▶ Directions: Starting with the line that contains "Used 2017 Chevrolet", copy every line through the end of the data below, exactly and with nothing added.
[Opening The data section]
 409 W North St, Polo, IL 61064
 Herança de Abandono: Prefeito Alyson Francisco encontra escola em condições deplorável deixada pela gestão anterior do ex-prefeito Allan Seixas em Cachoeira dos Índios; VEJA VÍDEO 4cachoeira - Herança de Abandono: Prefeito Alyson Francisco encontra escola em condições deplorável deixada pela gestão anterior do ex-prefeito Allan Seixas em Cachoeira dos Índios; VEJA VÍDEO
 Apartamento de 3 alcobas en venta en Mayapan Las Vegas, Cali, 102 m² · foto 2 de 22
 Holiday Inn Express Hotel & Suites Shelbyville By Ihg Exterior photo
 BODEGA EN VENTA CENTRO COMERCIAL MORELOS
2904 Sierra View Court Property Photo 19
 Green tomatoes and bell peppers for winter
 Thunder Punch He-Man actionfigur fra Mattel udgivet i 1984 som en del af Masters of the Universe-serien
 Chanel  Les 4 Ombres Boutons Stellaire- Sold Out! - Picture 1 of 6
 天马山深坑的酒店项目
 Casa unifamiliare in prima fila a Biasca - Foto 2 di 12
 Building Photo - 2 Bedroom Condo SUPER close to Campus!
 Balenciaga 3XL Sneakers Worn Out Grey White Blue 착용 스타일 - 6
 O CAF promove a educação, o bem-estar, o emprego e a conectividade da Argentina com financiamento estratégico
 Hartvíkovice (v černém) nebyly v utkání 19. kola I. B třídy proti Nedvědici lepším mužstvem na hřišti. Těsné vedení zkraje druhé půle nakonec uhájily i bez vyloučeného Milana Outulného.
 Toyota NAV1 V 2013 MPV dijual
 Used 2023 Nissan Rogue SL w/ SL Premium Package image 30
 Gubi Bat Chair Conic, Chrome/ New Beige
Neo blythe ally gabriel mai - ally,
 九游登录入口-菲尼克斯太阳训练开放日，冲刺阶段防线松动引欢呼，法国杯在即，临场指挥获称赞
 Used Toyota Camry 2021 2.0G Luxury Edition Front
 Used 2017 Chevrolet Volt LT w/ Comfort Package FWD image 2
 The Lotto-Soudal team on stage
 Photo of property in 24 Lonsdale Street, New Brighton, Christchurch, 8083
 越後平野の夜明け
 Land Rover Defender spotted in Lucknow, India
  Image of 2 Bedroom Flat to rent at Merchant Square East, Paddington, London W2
[Closing The data section]
▶ Response to this exercise:
 Used 2017 Chevrolet Volt LT w/ Comfort Package FWD image 2
 The Lotto-Soudal team on stage
 Photo of property in 24 Lonsdale Street, New Brighton, Christchurch, 8083
 越後平野の夜明け
 Land Rover Defender spotted in Lucknow, India
  Image of 2 Bedroom Flat to rent at Merchant Square East, Paddington, London W2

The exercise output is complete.